In the 80's I worked on semiconductor production test equipment. In
those days the computers that controlled them drew very substantial
power, ours had about 100A of 5V from switching supplies. The
measurement sensitivity was microvolts and picoamps; without all the
shielding the machine could detect a person several meters away by the
increased noise floor.

There were separate ground blocks for all digital supplies and all
analog supplies, and we had to be careful to return as much of the
digital supply current as possible to the digital return, likewise for
the analog.

The measurement ground, HQC or High Quality Common, was partly
isolated as Jim Pentagrid mentioned, with two parallel diodes and a
470 Ohm resistor connecting it to analog common. We had to account for
any unbalanced current in or out of HQC. IIRC it was considerably less
than 5mA.

It turned out that the biggest problems were the control signals from
digital to analog or the measurement section. The current for heavy
loads like the 2102 memory flowed in well defined loops whose
radiating area could be minimized by twisting the power leads.
Controls passed between sections and had to be handled individually,
to trade speed for impedance. If necessary we used optical isolators
for digital or reed relays for analog controls.

Be thankful you aren't designing the grounding for a digital radio
that combines millivolt analog-to-digital converter sensitivity with
high powered ECL logic. I've seen 3 Volt spikes between two points on
a ground plane that someone else had designed to the DC-appropriate
star topology. The data bus crossed the plane break in that area but
its return path was about three inches away through the star's
center.

As a general rule I was told to treat under 10KHz as single-point,
over a Megahertz (100KHz?) as a common plane, in between takes more
careful analysis, mostly knowing where the currents flow out and
back.

In theoretically-oriented night school classes they taught voltage,
the very practical Army Signal Corps taught us to pay attention to
current flow.

jsw

In article ,
Ignoramus31310 wrote:

In this mill, there will be many devices with "signal ground", such as
encoders, ppmc control box, servo drives etc. I think that I should I
tie all of those signal grounds, and the minus of the isolated DC
from the servo power supply, to neutral (in a star configuration).

Is that a good way to go, or am I way off base with my thinking.

First, as many others have said, do NOT use the power neutral (the white wire)
for anything other than power neutral.


I often deal with this exact signal grounding issue in large electronic systems,
where "large" means that the equipment is spread out in a large building.
Another example is a large computer room with raised floor, such as those for
Air Traffic Control systems, where there is always a substantial ground grid
under the floor.

The standard solution is to bond the equipment racks and cases together with a
grid made of heavy copper wire. This grid is called the "signal reference
ground system" or the like, and is an extension of the ordinary safety (green or
bare wire) ground system.

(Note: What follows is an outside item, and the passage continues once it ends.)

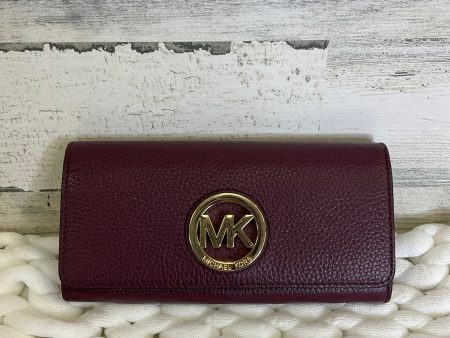 Wallet Leather By Michael Kors, Size: Medium Fashion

Except during faults, neither green nor signal
reference grounds carry significant current. During faults (like a power cross
to an equipment case), thousands of amps may flow, at least until the power
breaker opens. So, the reference ground must be built as heavy as the safety
ground system, because it may serve as a safety ground as well.

One other thing to keep in mind. The National Electrical Code (NEC) requirement
on safety ground impedance is that the resistance can be as high as five ohms,
and no mention is made of a minimum test voltage. This makes perfect sense, as
the NEC's intent is to ensure that the breaker will pop if there is a fault.

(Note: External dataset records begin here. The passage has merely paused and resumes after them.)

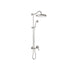 TRES 24217703AC TRES CLASIC Kit De Grifo Monomando Empotrado De 1 Vía para Ducha Color Acero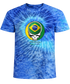 Brazil FIFA World Cup Stealie Tie-Dye T-Shirt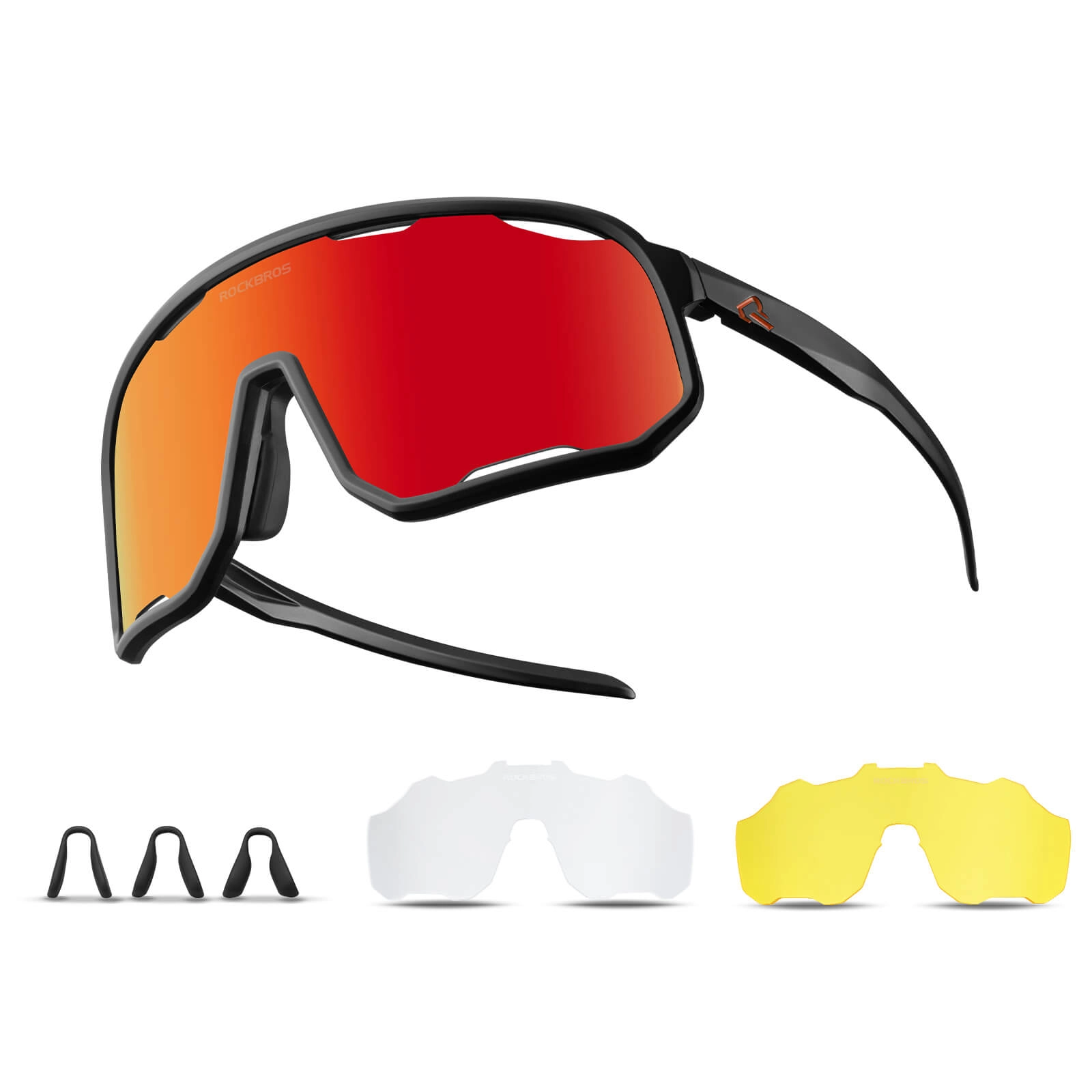 ROCKBROS Polarized Sunglasses UV400 Transparent Cycling Glasses Windproof TR90 Frame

However, five ohms and oxide films requiring 50-100 volts to puncture, while
acceptable to the NEC, make such a ground useless as a signal reference. So,
the reference ground system must be made of copper and/or its alloys, with
mechanical connection hardware optionally plated with silver and/or tin, and
must not be made of aluminum or steel alloys of any kind (unless all connections
are made by fusion welding, soft soldering, or brazing).

Another way to look at this is to observe that the signal reference ground
system more than meets the NEC requirements for a safety ground, and so can
serve both safety and signal-reference roles.

For far too much information, see TM 5-690 (Grounding and Bonding in ...
Facilities), downloadable from http://www.army.mil/usapa/eng/index.html.


War Story: In the late 1980s or early 1990s, I was working on the computers of
an Air Traffic Control system in Canada. (We were *not* working on the system
running real-world ATC, so no danger to air safety.)

The computers were VMEbus cards carrying 68000-series processors running at ~10
or ~20 MHz. I had a computer board out on a board extender, chasing some now
long-forgotten problem.

When I went to clip the oscilloscope ground to the VMEbus ground, there was a
tiny spark, and the ATC system crashed. Followed by my heart -- What did I do?
What could I have done?? ..... Umm.... Spark? Between grounds?? This cannot
be. Again touched the scope ground clip to the VME ground pin, watching
closely. Spark! What the hell??? Cannot be...Try it again. Spark!!....
Repeat until eyes are believed.

Turned out that there was a few volts between the two grounds, at 180 Hz, with a
source impedance of perhaps an ohm. Yes, 180 Hz. That turned out to be the key
- it was the charging pulses from all those DC power supplies fed from the three
legs of three phase power lines adding up.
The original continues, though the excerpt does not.